During the summer, the tide is usually higher but it won’t prevent people from walking along the beach to reach the next destinations on foot. Of course, it will be a nice workout. 

It takes about thirty minutes to walk to the commune of Las Gilces, where you can enjoy a delicious lunch or breakfast overlooking the sea. The always fresh seafood and the unmistakable seasoning of the place are a great combination to enjoy a day at the beach. We recommend the wide array of dishes with locally harvested peanuts.

Inside the commune, you can find Las Gilces Environmental Interpretation Center, a place to learn with local guides the importance and development of the area. It has five dynamic and didactic interpretive stations where the importance of the Portoviejo River estuary is thoroughly explained.

The calm beaches of Las Gilces, accompanied by good weather and nothing but the sound of the waves, is a good place to rest for a moment… or even to take the whole afternoon off. But you can also continue to Crucita. We recommend the bus that runs along the main road from La Boca. The ride to the main boardwalk takes about fifteen minutes.

On the golden beach, there are two options: pure relaxation or adventure, with everything at hand to fully enjoy them. If you choose the latter, there is a range of water activities to pick from. The most popular one is perhaps “la banana”, an inflatable raft shaped like the fruit, attached to a speedboat. Another favorite one is “la bestia”, a similar concept to la banana but with a circular shape, which creates even bigger waves. Finally, another great activity is parasailing, a kite for one or two people that, unlike the other two options, does not float over the ocean, but rather flies in the air.

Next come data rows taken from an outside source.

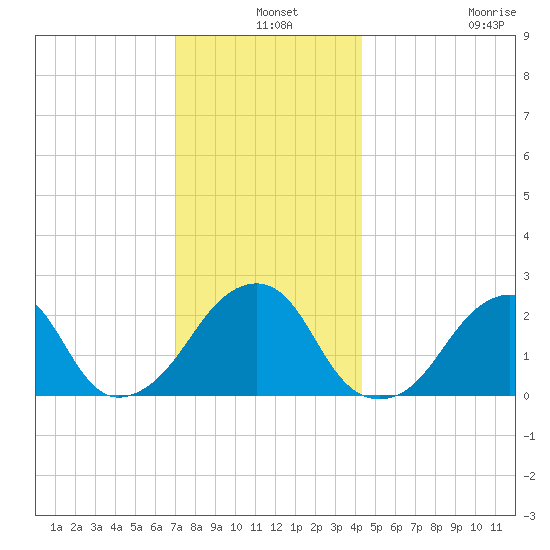 Montauk Point Light tide chart for Tuesday, December 9, 2025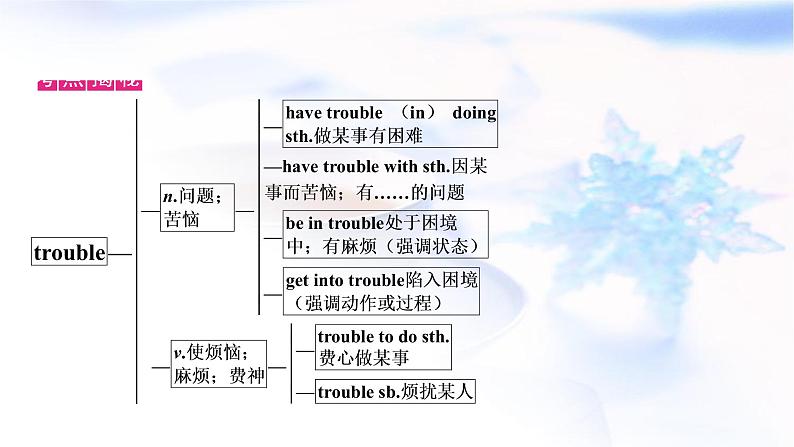 中考英语复习考点精讲十一八年级(下)Units1－2教学课件04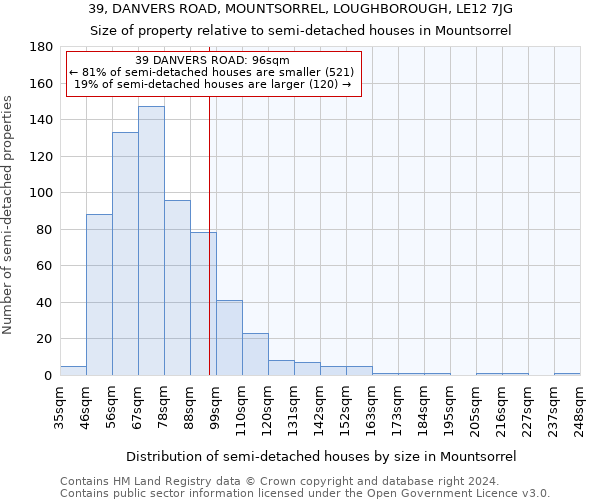 39, DANVERS ROAD, MOUNTSORREL, LOUGHBOROUGH, LE12 7JG: Size of property relative to detached houses in Mountsorrel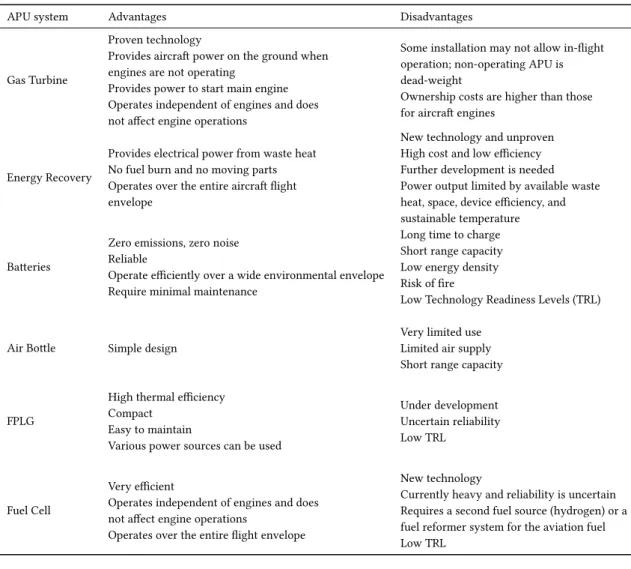 Table 2.1: Comparison of the different APUs mentioned in this work.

To relax, walk along the wide beach and its boardwalk. Enjoy a refreshing slushie or rent a tent to rest on the sand and protect yourself from the sun. Crucita is well known for the colorful tents that paint the landscape with color.

It should go without saying, but here the gastronomy is delicious. From seafood casseroles, ceviches, viches, shrimp rice and seafood of all kinds. A favorite of ours is Rimini Bar, a restaurant where you can taste all these delicacies. Héctor Núñez, the manager, offers the best seasoning for local and international tourists who never cease to be surprised and return to the place during their holidays.

Isabel is another great place to taste Crucita’s cuisine, the famous “El Crucitazo” dish  contains all the seafood available and caught in the surroundings. But you can also go to some of the classics – Las Gaviotas and Alas Delta – where the seafood platters are a hit. Or you may want to venture out and try the fried camotillo (a fish), a specialty at Yolita or Aloha.

To finish off the afternoon, there is no better option than a panoramic view to truly understand why this beach is known as “La Bella” – the beautiful. At the end of the boardwalk you can access La Loma, a restaurant and an airfield. The view from Crucita is wonderful. It can be windy, so we recommend bringing a light coat. With some luck, you will be able to fly and do some paragliding. Flights are available 365 days a year at the times indicated by certified guides. For the locals, this is the perfect spot to fly.

And so, with the horizon as our landscape, the day comes to an end in this Portoviejo beach.